By Sir Humpsalot and Madame Pimpstress

Licensed Sexologists

 

Sir Humpsalot says… Look, we’ve been beating (haha) around the bush (haha) for too long. No more hygiene. No more friend zones. No more staying safe on spring break nonsense. It’s time to get serious about this. You want a sex column, we’ll give you a sex column. Here are Sir Humpsalot’s absolute best, fantastic, can’t beat (haha) ‘em, you’ll need a new pair of shorts, “bang spots” on campus.

We all have a little adventure in us. At least you should because sex is a freaking adventure, and if you don’t agree with me, then you can stop reading right now because I don’t have time for you.
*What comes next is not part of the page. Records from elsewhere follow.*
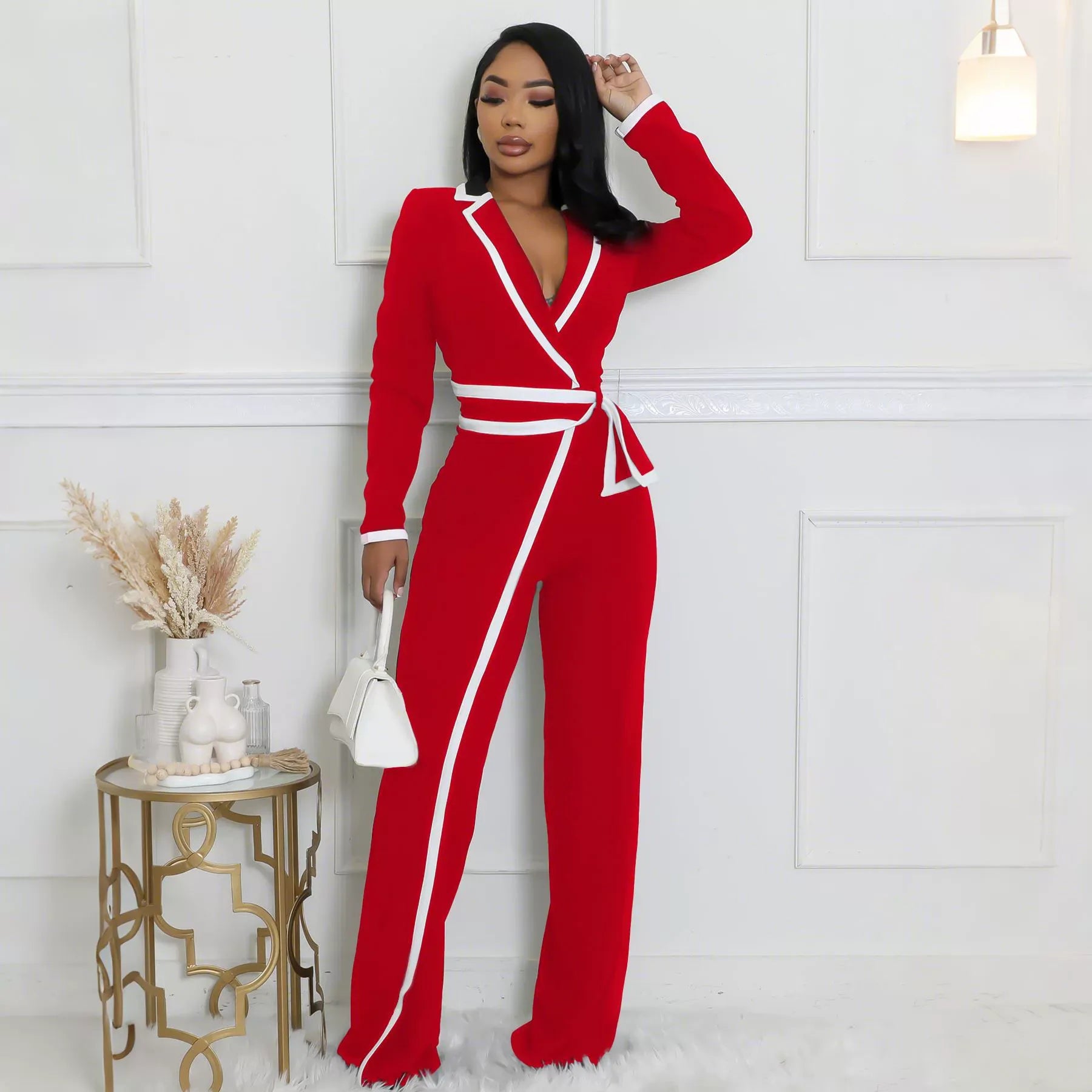 Belted long-sleeved jumpsuit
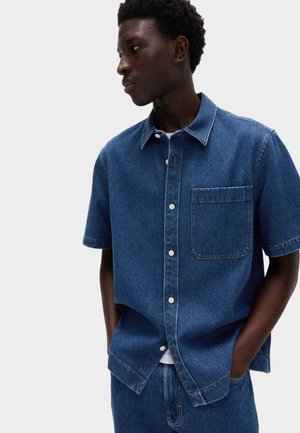 Junger Mann mit dunkler Haut, der ein kurzärmeliges, blaues Jeanshemd mit Knöpfen und eine blaue Jeans trägt, die Hände in den Taschen, blickt zur Seite.
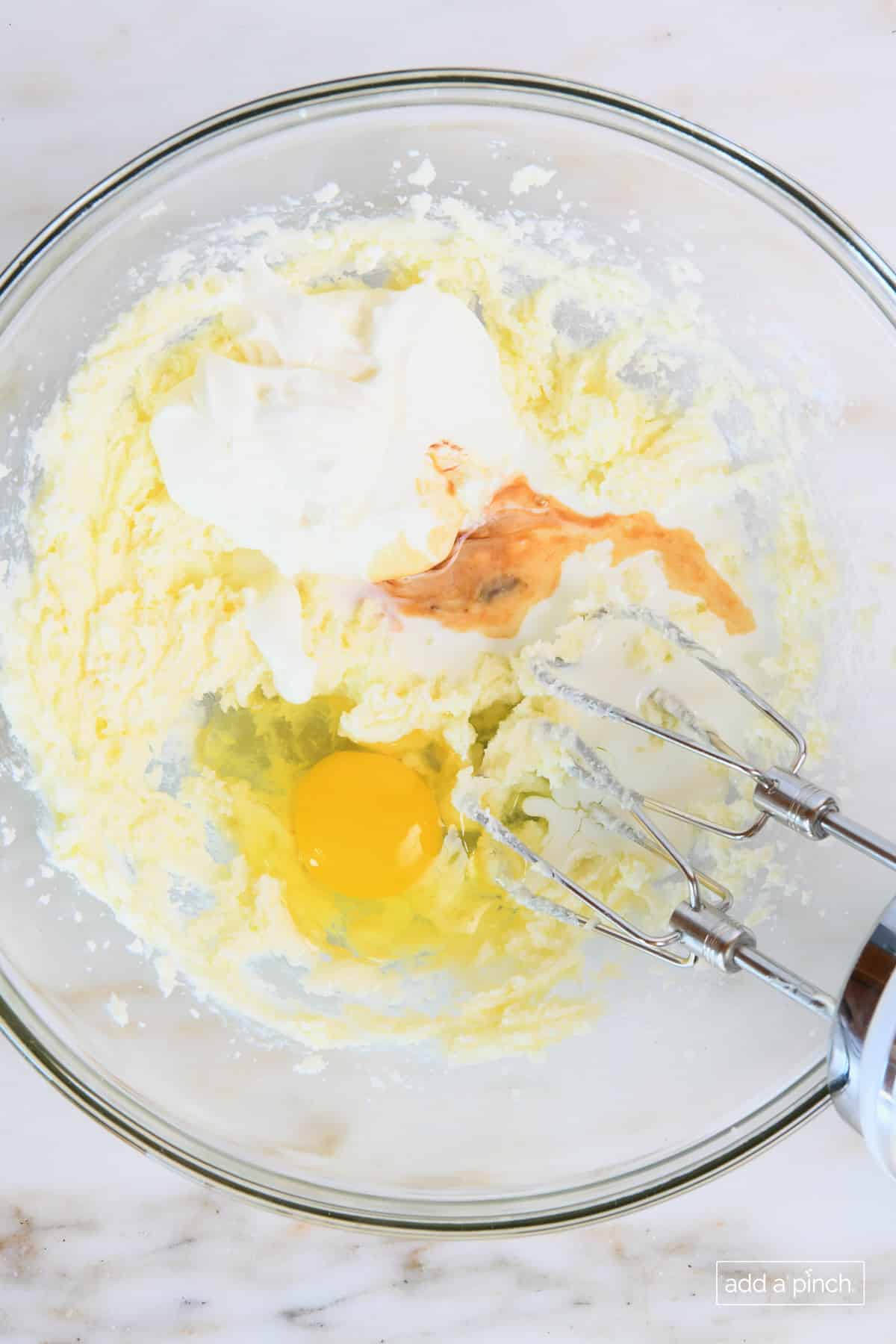 Add the egg, sour cream, milk, and vanilla extract.
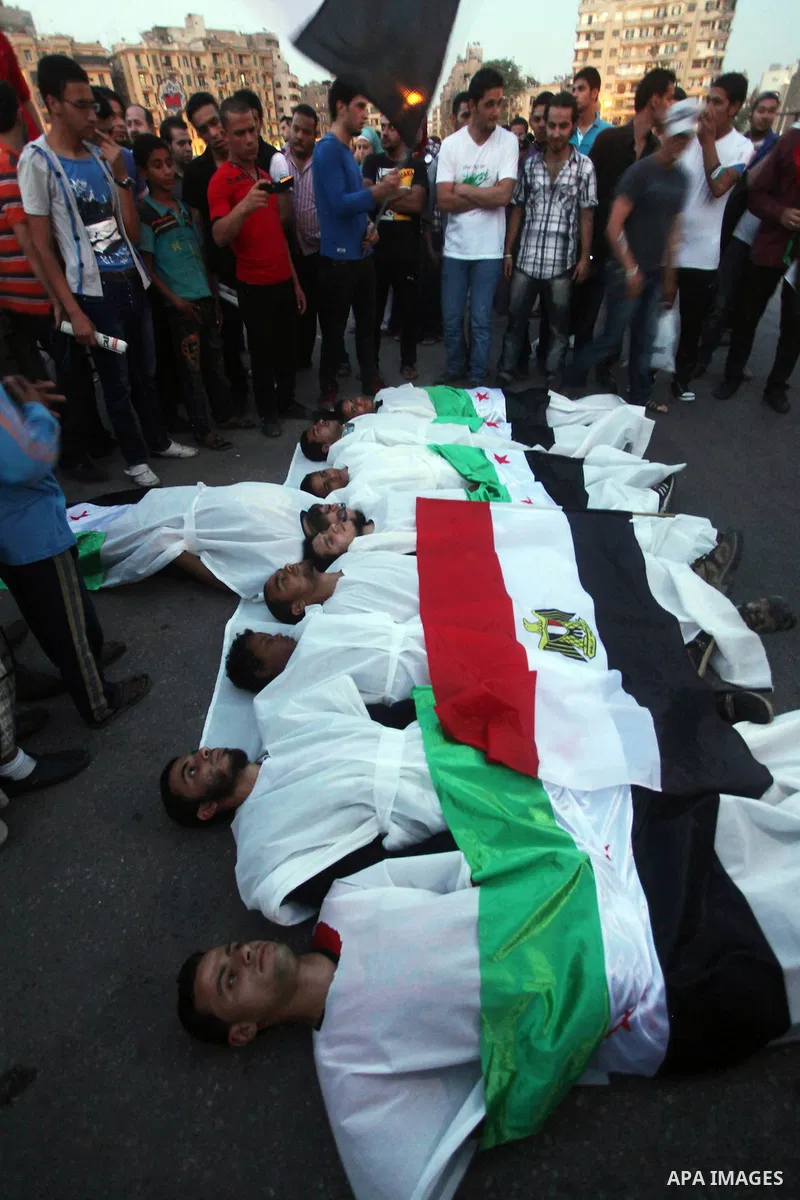 Protesters show solidarity with victims of massacre of Houla during a protest in front of the Syrian embassy in Cairo, Egypt, 31 May 2012. A massacre was reported in the central Syrian city of Houla over the weekend, how...
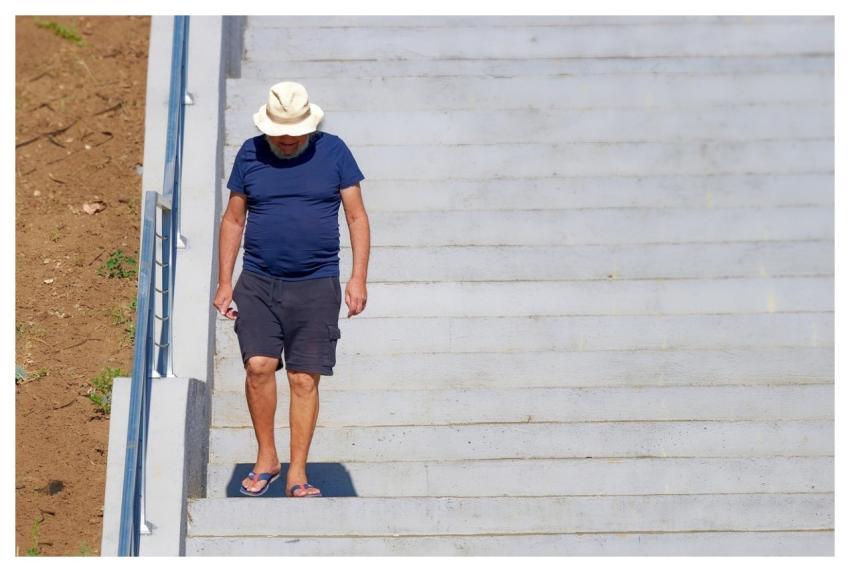 Man Casual Descending Stairs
For the exhibitionists, voyeurs, and bedroom-daredevils out there, here are the best spots on campus where you can really just let loose.

 

1. The Cat Walks In Toll

 

What’s sexier than breaking into buildings on campus for a little high stakes hanky panky? Nothing.  Surrounded on both sides by glass walls for maximum viewing pleasure and with dangerously high altitudes make this an absolute must. Extra points go for those who stare the taxidermied black bear in the eyes through the process.

Anstett

Humpsalot

 

2. Under Your RA’s Bed

 

Need a bit more thrill? Add in some excitement with a bit of undercover, sexual operations. Make a fake emergency, call to your resident assistant, and, while they’re out of the room, sneak in and get down to business beneath your RA’s bed. Try to have the best time possible before they return. If they do interrupt your covert coitus, the challenge evolves. Finish and escape without being caught. Genius.

 

3. On a Boat on the Chester River

 

What better way to honor our founding father, George Washington, than conducting your own nocturnal crossing of the Delaware? Rent a canoe and get busy on the brown, polluted waters of the Chester River.  Just don’t rock the boat too much, kids.

 

4. Hotchkiss Recital Hall

 

Do you long for the stage? Well you don’t have to wait any longer. With a willing partner, you can be the star of your own award-winning vocal performance.  The acoustics are great in there. If you want, you can pull a triple threat and hit all three theaters in Gibson. Now that would earn you some bragging rights.

 

5. I don’t know like…the baseball field?

 

Madame Pimpstress says… It isn’t very exciting having sexy-time day and night in your dorm room. I mean, there are only so many surfaces you can have sex on in a small dorm room, am I right? It just gets boring. So why not spice it up a little? Make a to-do list or competition out of where you can sex-it-up on campus. There are just so many possibilities out there that it’s a shame we let them go to waste by confining ourselves to our dorm rooms. So let me help you get started. Here is a list of places you should consider christening on campus (if you haven’t already).

Kayla

Pimpstress

 

Outside Locations:

1. The stone benches (or the brick ledges) at the entrance of Martha Washington Square. Not only are you under the gorgeous stars, but you can also make a tribute to Martha. Afterall, she was the first, First Lady, and First Ladies are all about beauty and style.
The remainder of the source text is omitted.